Both the lawyer and the governor are participating in a national Democratic effort to expand turnout that could make or break presidential election results in highly competitive states — and Virginia is a key target.
According to voting rights activists, 15 states with 162 electoral votes face new voting restrictions in 2016. Because of a 2013 Supreme Court decision overturning part of the 50-year-old Voting Rights Act, next year’s presidential election will be the first in which Southern states, including Virginia, will not be required to have election-law changes approved by federal authorities.
Democrats are hoping to bring in new voters across the country by breaking down barriers to voting through legal challenges, regulatory changes and grass-roots organizing.

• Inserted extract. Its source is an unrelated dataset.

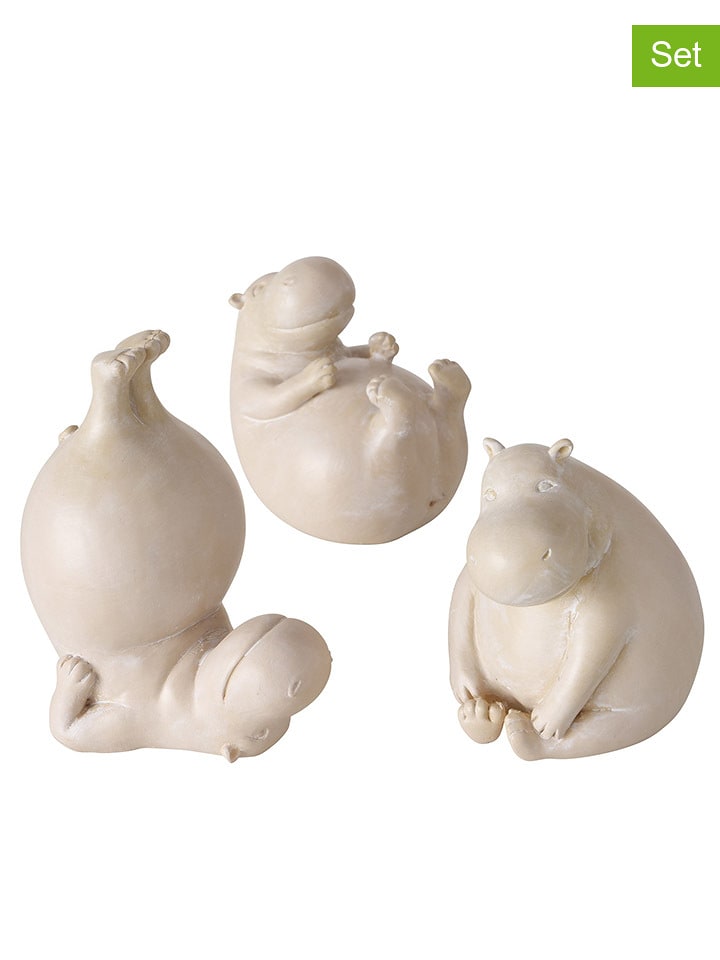 Boltze Dekoracyjne figurki (3 szt.) "Hippo" w kolorze kremowym - wys. 12 cm rozmiar: onesize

In Virginia, the only battleground presidential state that also has elections this year, Democrats are working closely with their national counterparts to expand the electorate — testing ways, for instance, to work around voter-identification laws, narrower voting windows and other restrictions generally backed by Republicans.
McAuliffe’s proposal, however, is not certain to succeed. The state GOP has objected forcefully against the change in the voter-registration form. And on Tuesday, the head of the Virginia Board of Elections postponed action on the plan, saying it needs to be reworked.
The Virginia Republican Party says that voter-ID requirements are common-sense safeguards against fraud.
State Democrats have formed a Voter Protection Council, working year-round with registrars, election officials and local parties to identify problems and publicize changes. They are identifying former felons and helping them get their rights restored, something McAuliffe has made easier.
The council is working on setting up a year-round hotline for voters to call in with questions. And Virginia Democrats plan to test a new model of the Democratic National Committee’s voter incident reporting system, a mobile application that logs problems at the polls. They want to improve volunteer coordination and sign up election officers earlier.
They are supporting lawsuits that would overturn the state’s voter-ID laws and redraw its congressional and legislative districts. At the same time, McAuliffe is leading a national effort to win governor’s seats in states that will draw new maps after 2020.
With a Republican-controlled legislature — and a Republican governor until 2014 — Virginia has voter-ID requirements that were made stricter in recent years. . . . In 2014, the then-Republican-controlled elections board ruled that the photo ID must be current or have expired within the past year. McAuliffe has since revamped the board with a Democratic majority.
“Virginia has been unique over the past few years because they have an election every year,” Pratt Wiley, national director of voter protection for the DNC. “There isn’t a state like Virginia . . . that is as appealing to be a testing ground and a proving ground.”